News

Delaware Valley College awarded $3.2 million for life science center

Jan 20, 2011

Delaware Valley College was awarded a $3.2 million state grant to help construct a $15 million signature building that would house studies in the life sciences.

“This funding continues the momentum of moving the college forward,” said
Dr. Joseph S. Brosnan, college president. The momentum, he said, began building in September with a $30 million gift from the Warwick Foundation, which is operated by the Gemmill family.

Recently, DelVal began plans to attain university status, which will require more master’s programs and a doctoral program. Dr. Brosnan called the award a “cornerstone not only for the new building, but for DelVal’s move towards university status.”

The Bucks County Commissioners, who will administer the state grant, presented the award at their regular meeting.

 

President Brosnan (center) with Bucks County Commissioners Charles Martin and Diane Ellis-Marseglia

“We have a very good track record of working with the college,” said Bucks County Commissioner Chairman Charles H. Martin. “We look forward to seeing the college progress…Anything we can do to attract more students to Bucks County and its institutions is a good thing.”

Life Science refers to the use of science and technology to improve the health and well-being of people, animals and the environment. It is grounded in the basic sciences of biology, chemistry, agricultural science, pharmaceutical science and veterinary science.
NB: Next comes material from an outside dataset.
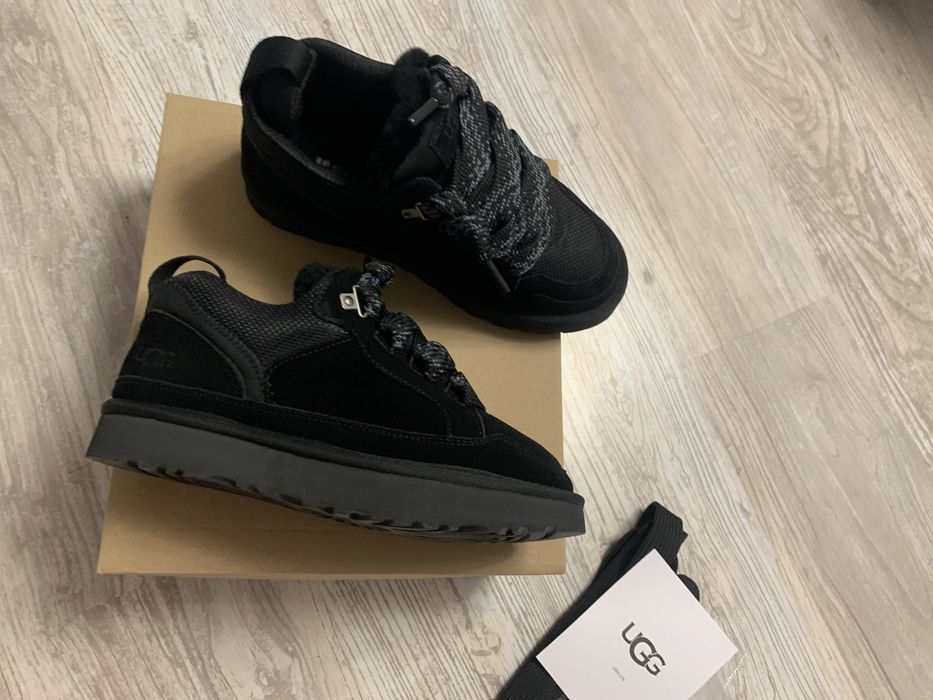 В наявності UGG Lowmel 39 40 розмір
“The Life Science Center will accommodate the growing demand among our students for study and research in these fields,” said Wendy Connuck, DelVal’s director of corporate and foundation relations. “This center will advance the college’s distinctive applied learning and multidisciplinary approach to the life sciences and will strengthen the college’s strategic commitment to become an even more connected and valuable asset to the community.”
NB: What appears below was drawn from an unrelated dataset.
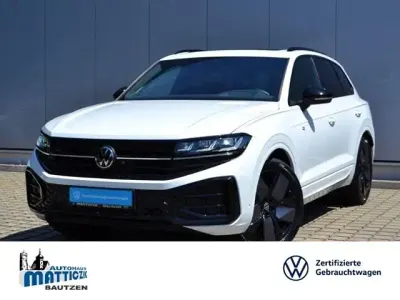 Gebraucht VW Touareg Style 286 PS (210 kW) 2025 Oryxweiß perlmutteffekt SUV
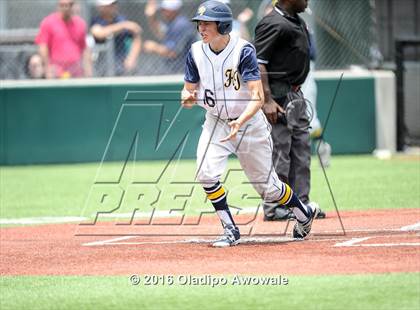 Thumbnail 1 in Dallas Jesuit vs. Highland Park (UIL Class 6A Region II Quarterfinal) photogallery.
Dr. Brosnan thanked the commissioners for their assistance and gave special recognition to State Sen. Chuck McIlhinney and his chief of staff Heather Cevasco. Sen. McIlhinney supplied the critical support for the grant and guided it through the Senate.

The grant was part of the Redevelopment Assistance Capital Program, used for economic, cultural, civic and historical improvement projects. It will be matched with $3 million from the Warwick Foundation’s gift. Additional funding will come from loans and other gifts and grants.

The 31,600-square-foot facility will increase DelVal’s visibility as a leader in the life sciences. Preliminary plans include classrooms, a lecture hall and state-of-the-art laboratories. Once an architect is selected, the design phase is expected to take approximately 11 months. Construction on the campus quad near Route 202 and New Britain Road could begin in the fall of 2012.

DelVal will use the center to accommodate the rising number of students studying the life sciences and to attract more students in these growing fields.

Currently, nearly 40 percent of DelVal undergraduates are majoring in life sciences, including animal biotechnology & conservation, biology and chemistry.

DelVal has a philosophy of applied learning and stresses multidisciplinary approaches to problems. Courses taught in the new center will stress the importance of crossing traditionally defined discipline boundaries to find solutions to real-world problems.

The center also will be used to support DelVal’s expansion of its adult education programs, for research partnerships and as a new businesses incubator.